Good Morning.

I'm not much of a late night talk show guy but I found it interesting to hear that Conan O'Brien, who hosted "The Tonight Show"  for less than a year, decided against signing with Fox in favor of TBS after Jay Leno was politely asked to reclaim his thrown on the best gig in showbiz.  I would say putting Conan on after "The Office"  would work well with my demographic, but TBS airs six consecutive episodes of "The Office" beforehand...thus I have developed an "auto skip" trait in my remote trigger finger for channel 247. I can only stand so much mockumentary comedy. More Family Guy please TBS. Or hockey. Or anything about outer space...I get sucked into anything that explores the celestial unknown.

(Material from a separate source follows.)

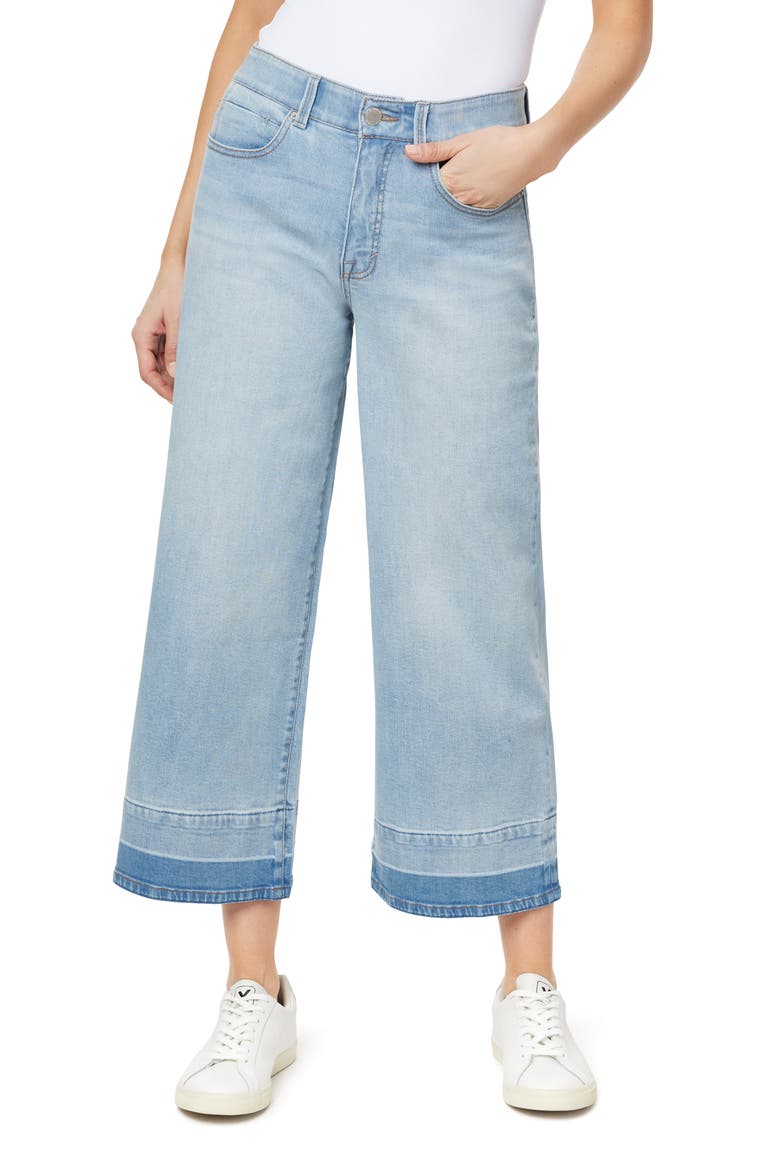 High Rise Comfort Waist Relaxed Wide Leg Released Hem Jeans, Main, color, POSITANO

The bond market saw better bidding through the belly of the yield curve (5s,7s,10s) yesterday for a variety of reasons that cannot be quantified or qualified. With no meaningful data on the calendar and policy makers all quiet, we decided to remove anything that could be considered "noise" and point out the obvious: benchmark rates felt the gravity of key technical levels

The 3.625% coupon bearing 10 year Treasury note rallied in the early session hours yesterday, falling from 3.92% all the way back down to 3.85%. This rebound held in overnight trading thanks to weakness in overseas equities and a slower than expected start to the earnings season (it's always Alcoa's fault. Or Jill's).

The 10 year note is currently +0-07 at 98-16 yielding 3.811%. That means we are now 4bps inside our 3.57 to 3.85% range. My target is a test of 3.78%....that is if we can get past 3.80% first.

Depending on your perspective, mortgages had a great day yesterday. The FN 4.5 rallied in "face-melting" fashion, gaining 17/32 to 100-08 yielding 4.477%. Not only were price appreciations abundant, MBS coupons greatly outperformed their benchmark big brother TSYs aka yield spreads were tighter! EXPLANATION OF YIELD SPREADS.  

"Rate sheet influential" MBS coupons are starting the session in an originator-friendly fashion by extending yesterday's positive progress. The FN 4.5 is +0-08 at 100-15 yielding 4.451%. By my scorecard that puts the secondary market current coupon at 4.441%. The CC yield is +63bps over the 10 yr TSY note yield and 68.4 basis points over the 10 year interest rate swap rate. Slightly wider but unchanged for the most part...

REPRICES FOR THE BETTER CONSIDERED AROUND 100-22 FOR EARLY MORNING PRICERS LIKE WELLS.

REPRICES FOR THE WORSE CONSIDERED AROUND 100-08 FOR EARLY MORNING PRICERS. Others are just now pubishing rate sheets

While there may have been several forces boosting bids in TSY market, there is no confusion as to why mortgage valuations improved yesterday (think yield spread here..not price. very important!).

THERE IS A CLEAR CUT LACK OF NEW LOAN SUPPLY IN THE AGENCY MBS MARKET. Combine that with a general slowdown in mortgage specific trading flows (+modest short base that will be squeezed) and you have a recipe for MBS relative value success (tighter spreads).

Plain and Simple: a slowdown in new loan production has completely offset the Federal Reserve's exit from the agency MBS market. Yesterday, originator pipelines were so tapped out that it only took a modest amount of buyer demand to advance the mortgage rally.

LOCK OR FLOAT?

We were patient when 10s touched 4.00% and the FN 4.5 fell below 100-00 as "PLAY THE RANGE UNTIL THE RANGE PLAYS YOU" echoed in our head. Ten days later, 10s are 20bps lower in yield and the FN 4.5 is managing to keep pace.

If I told you two weeks ago, when rates started to sell off, that I could offer you 75bps more rebate on April 13...would you have said "I'LL TAKE IT"? If the answer is yes, you should be locking.

If you are counting down the days until you can sell a 30 day or 60 day lock...I think its safe to keep playing the market, but keep a close watch on the price spread between the 30 and 60 day (or 15 and 30). If an extension is cheaper and rates reverse course, lock it up. If an extension is not cheaper...pay very close attention to your breakeven level. Set a stop-loss and lock if your incur a cost. The goal is to maintain profitability here....

While we have been advocating a return to the 3.57 to 3.71% range...it doesn't mean lenders will be willing to keep pace. Don't get mesmerized by price action in the bond market, take what's given to you and compare it to your own personal historical range. If you are approaching the high side of your rebate range...its time to lock up some pipeline profits. I know many of you are in this camp too....

PS: the 2s/10s curve has finally broken from its boring sideways range. The curve is 4 basis points FLATTER at 278bps.